Boyadjian will hold a seminar on Saturday at 420 College Office, 3500 E. Colorado Blvd., designed to teach people how to start up a cannabis business in California.
Critics claim that minorities that were arrested for selling marijuana are now being aced out as cannabis becomes a billion-dollar legal industry across the nation.
Last year, African-American lawmakers in New York said they would block a push to legalize recreational marijuana in New York unless people of color were guaranteed a share of the industry. They want to be assured that some of that money will go toward job training programs and that minority entrepreneurs will receive licenses to cultivate or sell marijuana.

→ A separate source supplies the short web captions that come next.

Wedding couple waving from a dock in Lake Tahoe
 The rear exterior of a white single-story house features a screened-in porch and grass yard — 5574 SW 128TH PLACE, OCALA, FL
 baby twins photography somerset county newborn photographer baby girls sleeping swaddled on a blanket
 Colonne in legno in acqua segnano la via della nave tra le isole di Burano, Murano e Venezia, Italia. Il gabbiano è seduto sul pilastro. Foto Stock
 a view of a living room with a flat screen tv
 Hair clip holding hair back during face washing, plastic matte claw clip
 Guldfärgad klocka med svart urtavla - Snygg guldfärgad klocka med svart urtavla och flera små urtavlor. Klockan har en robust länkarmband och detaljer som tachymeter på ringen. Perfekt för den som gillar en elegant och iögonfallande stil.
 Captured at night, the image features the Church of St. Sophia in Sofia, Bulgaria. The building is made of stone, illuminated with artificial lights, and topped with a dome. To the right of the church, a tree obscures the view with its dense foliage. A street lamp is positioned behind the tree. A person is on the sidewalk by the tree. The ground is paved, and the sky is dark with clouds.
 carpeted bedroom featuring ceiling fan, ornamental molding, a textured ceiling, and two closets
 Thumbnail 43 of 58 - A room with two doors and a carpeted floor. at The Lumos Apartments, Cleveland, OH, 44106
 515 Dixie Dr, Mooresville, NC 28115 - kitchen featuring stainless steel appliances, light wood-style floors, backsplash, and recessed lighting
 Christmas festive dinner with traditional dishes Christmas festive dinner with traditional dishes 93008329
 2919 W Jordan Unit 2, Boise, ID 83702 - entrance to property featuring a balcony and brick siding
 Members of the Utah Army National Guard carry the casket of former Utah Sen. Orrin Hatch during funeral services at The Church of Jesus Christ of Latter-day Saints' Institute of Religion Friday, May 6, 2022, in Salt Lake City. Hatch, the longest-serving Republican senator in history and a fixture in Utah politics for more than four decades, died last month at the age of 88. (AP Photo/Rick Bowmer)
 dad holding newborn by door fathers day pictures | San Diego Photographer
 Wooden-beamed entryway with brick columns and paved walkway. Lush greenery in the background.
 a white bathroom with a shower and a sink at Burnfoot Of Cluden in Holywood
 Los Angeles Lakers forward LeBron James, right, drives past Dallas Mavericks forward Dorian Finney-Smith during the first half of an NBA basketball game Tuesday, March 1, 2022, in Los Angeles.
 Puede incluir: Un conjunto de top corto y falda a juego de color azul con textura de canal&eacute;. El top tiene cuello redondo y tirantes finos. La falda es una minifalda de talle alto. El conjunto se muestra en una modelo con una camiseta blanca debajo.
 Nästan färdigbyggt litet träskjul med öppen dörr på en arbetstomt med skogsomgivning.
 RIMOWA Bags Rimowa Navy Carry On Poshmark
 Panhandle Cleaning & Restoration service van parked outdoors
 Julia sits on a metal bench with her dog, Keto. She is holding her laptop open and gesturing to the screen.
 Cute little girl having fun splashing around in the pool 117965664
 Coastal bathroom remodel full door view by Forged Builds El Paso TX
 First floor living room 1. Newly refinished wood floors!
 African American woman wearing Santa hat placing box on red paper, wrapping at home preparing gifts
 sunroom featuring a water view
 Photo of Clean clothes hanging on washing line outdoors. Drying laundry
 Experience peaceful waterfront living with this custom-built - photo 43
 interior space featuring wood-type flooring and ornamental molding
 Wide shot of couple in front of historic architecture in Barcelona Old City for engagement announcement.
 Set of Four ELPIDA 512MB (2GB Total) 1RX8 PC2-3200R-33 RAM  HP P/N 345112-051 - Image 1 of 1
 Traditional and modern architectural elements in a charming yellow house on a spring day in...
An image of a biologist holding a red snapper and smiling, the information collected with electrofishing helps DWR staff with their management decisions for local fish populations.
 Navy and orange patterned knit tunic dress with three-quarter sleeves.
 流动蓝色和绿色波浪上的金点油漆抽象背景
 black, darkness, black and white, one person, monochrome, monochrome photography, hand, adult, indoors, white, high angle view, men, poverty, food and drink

According to Boyadjian, Pasadena’s cannabis regulations are some of the toughest he’s seen so he’s teaching people to open and operate cannabis operations in other cities.
To enter into the City’s process, 122 applicants each paid a $14,000 application fee, including Boyadjian, who applied under the name Pasadena Greenhouse.
City officials say the money was used to review and process the applicants and hire a third-party consultant to assist in the process.
Pasadena Public Information Officer Lisa Derderian said the city would not comment regarding how applicants perceived the process, but said the costs and documentation requested were laid out from the beginning of the city’s process.
“The initial screening application was structured to ensure that the top-scoring candidates be technically experienced to meet the demands of this highly regulated industry; well capitalized to be able to deliver on commitments after a demanding land use planning process and costly site acquisition and improvements; in a position to design a dispensary that blends with the neighborhood and meets Pasadena’s strict security and safety expectations; able to hire and train sufficient staff to operate in a professional manner, and, importantly, committed to a community benefits plan that provides tangible benefits and contributions to the community,” Derderian said.
Current city regulations only allow for up to six dispensaries, one per Council district. Although currently only three or four could set up shop Pasadena according to city maps and the city’s ordinance which has established distance limitations from schools, libraries and churches.
So far, only one dispensary, Harvest of Pasadena, has received a conditional use permit. Two others have filed lawsuits against the City.
“An average guy has absolutely no chance,” said Boyadjian. “He doesn’t have a snowball chance in hell on getting this permit.”
“And so what [is] the other guy supposed to do? In retrospect, it kind of looks like the war on drugs… The City of Pasadena and most of the jurisdictions in California are kind of continuing the war on drugs and it’s not necessarily color-based like it was before, now it’s more of a economic warfare towards people who can afford it and who can’t. So the rich boys, the millionaires, get to play this game of, of legal cannabis.”